Submitted to: Transactions of the ASAE
Publication Type: Peer Reviewed Journal
Publication Acceptance Date: June 29, 2000
Publication Date: N/A
Interpretive Summary: Methyl soyate, a form of biodiesel derived from soybean oil, is very reactive to oxygen when placed in contact with air. Consequently, storage of biodiesel over extended periods may lead to degradation of fuel properties that can compromise fuel quality. Most existing test methods for conventional diesel fuel take several days or weeks to complete or are not appropriate for alternative fuels such as biodiesel. This work examines pressurized-differential scanning calorimetry (P-DSC) as a potential test method that can deliver accurate results in minutes. Methyl soyate samples with varying histories were successfully rated according to relative ability to resist oxidation. A P-DSC-based screening test was developed for evaluating the effectiveness of additives with anti-oxidizing properties. This work addresses growing concerns among biodiesel fuel producers and distributors interested in inexpensive and rapid monitoring of fuel quality during production, storage, and distribution.
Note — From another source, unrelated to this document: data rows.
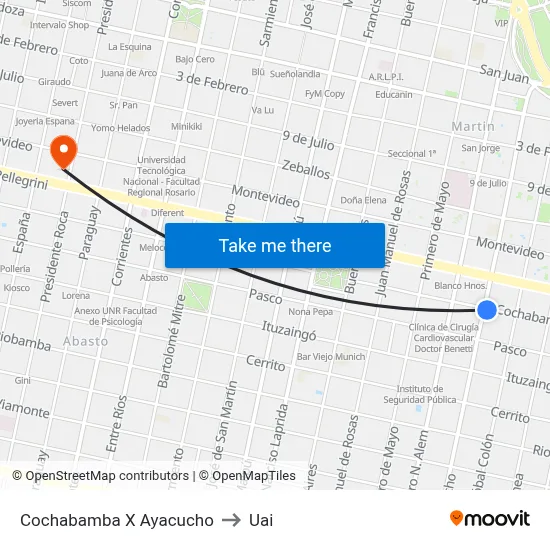 Cochabamba X Ayacucho to Uai map
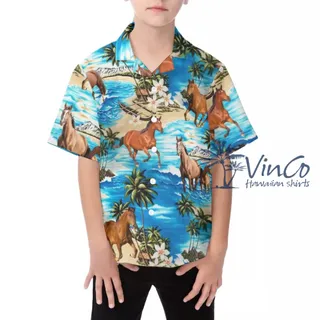 Horse Beach Hawaii Shirt And Shorts For Kids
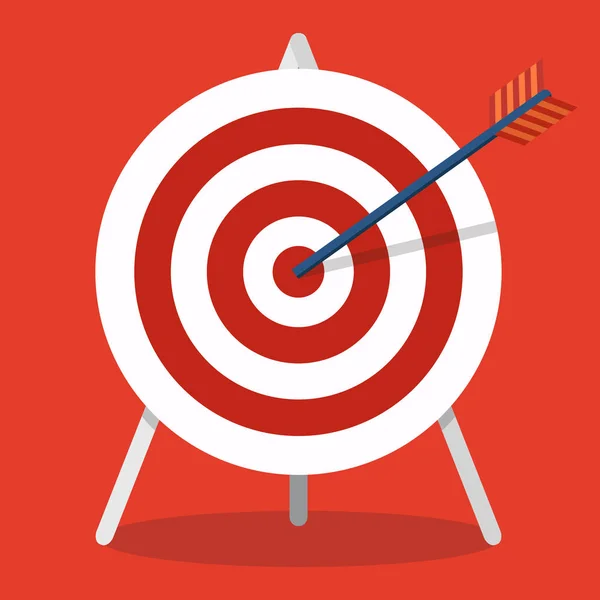 Arrow hitting a target. Business concept.Icon isolated — Stock Vector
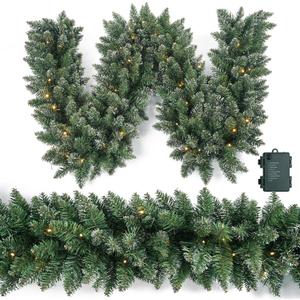 Christmas Garland 9 Ft by 12 Inch Prelit Fraser Fir Xmas Garland with 50 LED Lights, Real Like Lush and Classics Green Style for Indoor Outdoor Home Decoration (Brief-Snowy_Battery)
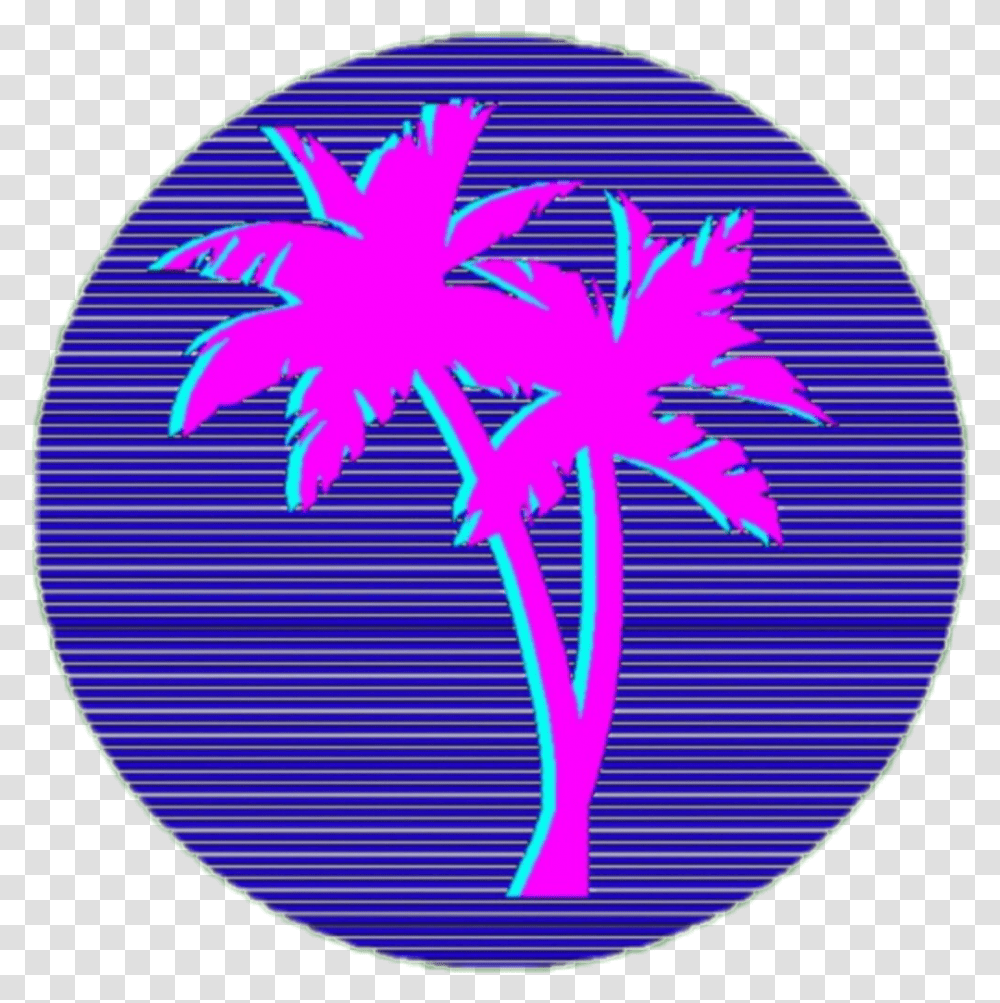 Download Vaporwave Vaporwave Palm Tree, Purple, Sphere, Symbol, Graphics Transparent Png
Technical Abstract: Biodiesel, an alternative diesel fuel that may be derived from soybean oil, is composed of long-chain saturated and unsaturated fatty acid alkyl esters. Oxidation of unsaturated esters in biodiesel occurs by contact with air and other pro-oxidizing conditions during long-term storage. Extensive oxidative degradation can compromise viscosity, acid value, peroxide value, cetane number, and other parameters in the current ASTM biodiesel fuel guideline. This work examines pressurized- differential scanning calorimetry (P-DSC) for analysis of oxidative stability of biodiesel. Heating scans were conducted in static mode (closed system) with a ramp rate of 5C/min. Increasing pressure from 1000-5000 kPa did not greatly affect results and 2000 kPa was selected for the remainder of this work. Curves were analyzed for oxidation temperature (OT) of methyl soyate samples from four separate sources, with and without antioxidants. Antioxidants significantly increased OT with respect to unmodified methyl soyate. Mixtures treated with tert.-butylhydroquinone (TBHQ) consistently gave higher OT values than those with plus/minus alpha-tocopherol, indicating P-DSC may be useful for screening antioxidants. Pressurized-DSC results were also consistent with corresponding oil stability index (OSI) data measured at 50C; however, no correlation for predicting OSI directly from OT results was evident, with the possible exception of unmodified methyl soyate.